Your reply should reproduce each line below exactly and carry none of the pictures.

== RAW DATA

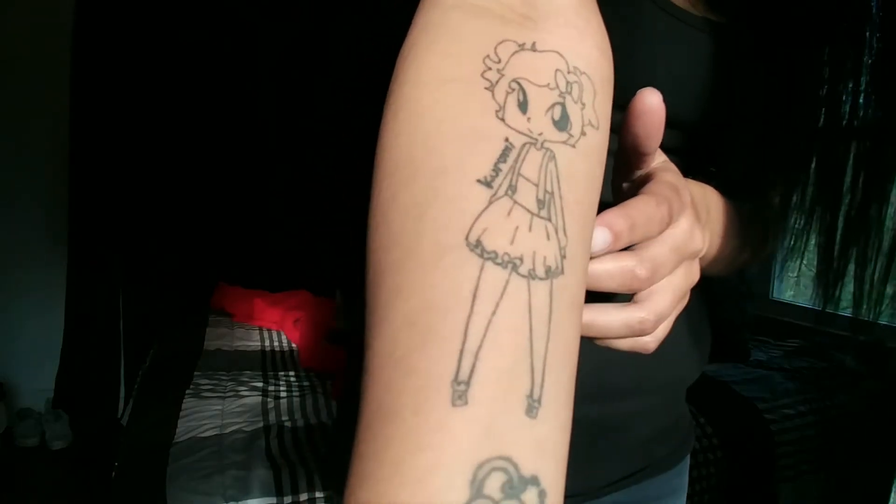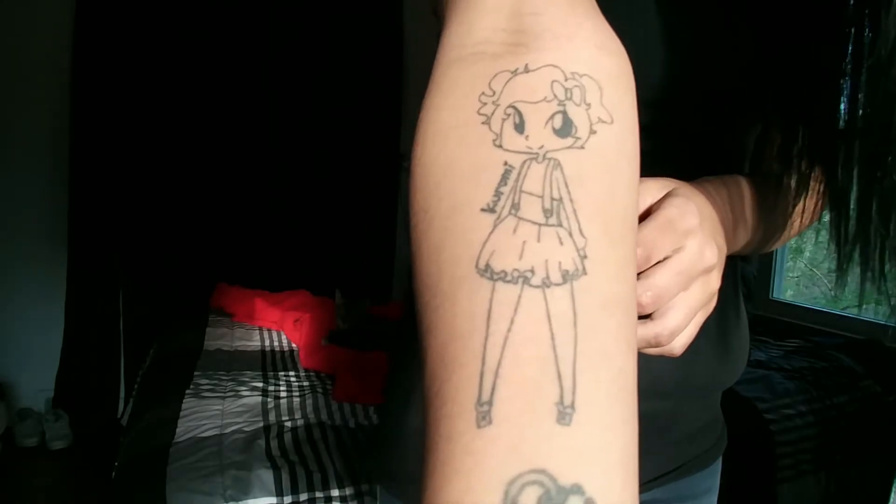The next one I got was after my daughter was born. My sister drew me an anime-style picture to represent my daughter, and I got that tattooed on this arm with her name next to it. It's the cutest thing ever — my sister does amazing artwork and I'm really happy to have that one.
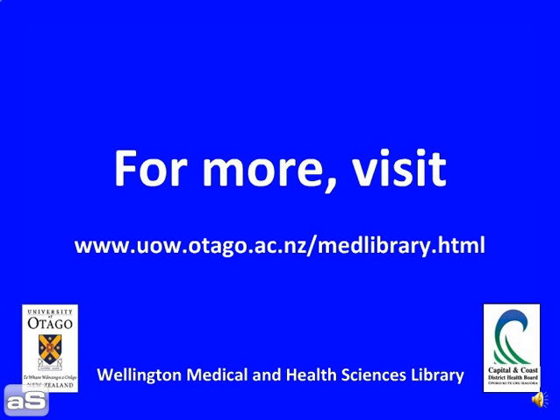For more, visit the Wellington Medical and Health Sciences Library, University of Otago.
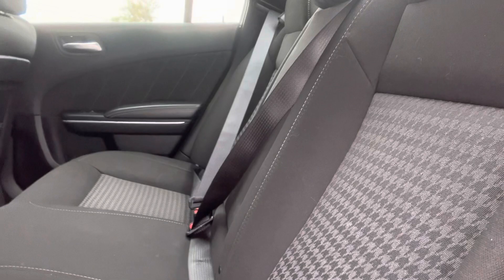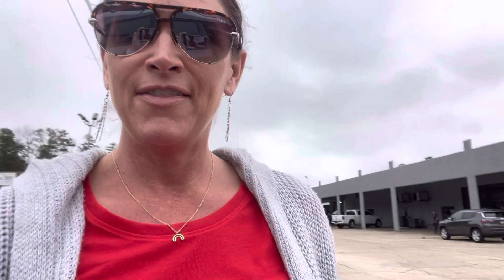Notice that houndstooth trim on the seats — pretty sharp. And then I'll let you hear it. So that Hemi sounds really good.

====

* _RESULT OF THE EXERCISE_:
The next one I got was after my daughter was born. My sister drew me an anime-style picture to represent my daughter, and I got that tattooed on this arm with her name next to it. It's the cutest thing ever — my sister does amazing artwork and I'm really happy to have that one.
For more, visit the Wellington Medical and Health Sciences Library, University of Otago.
Notice that houndstooth trim on the seats — pretty sharp. And then I'll let you hear it. So that Hemi sounds really good.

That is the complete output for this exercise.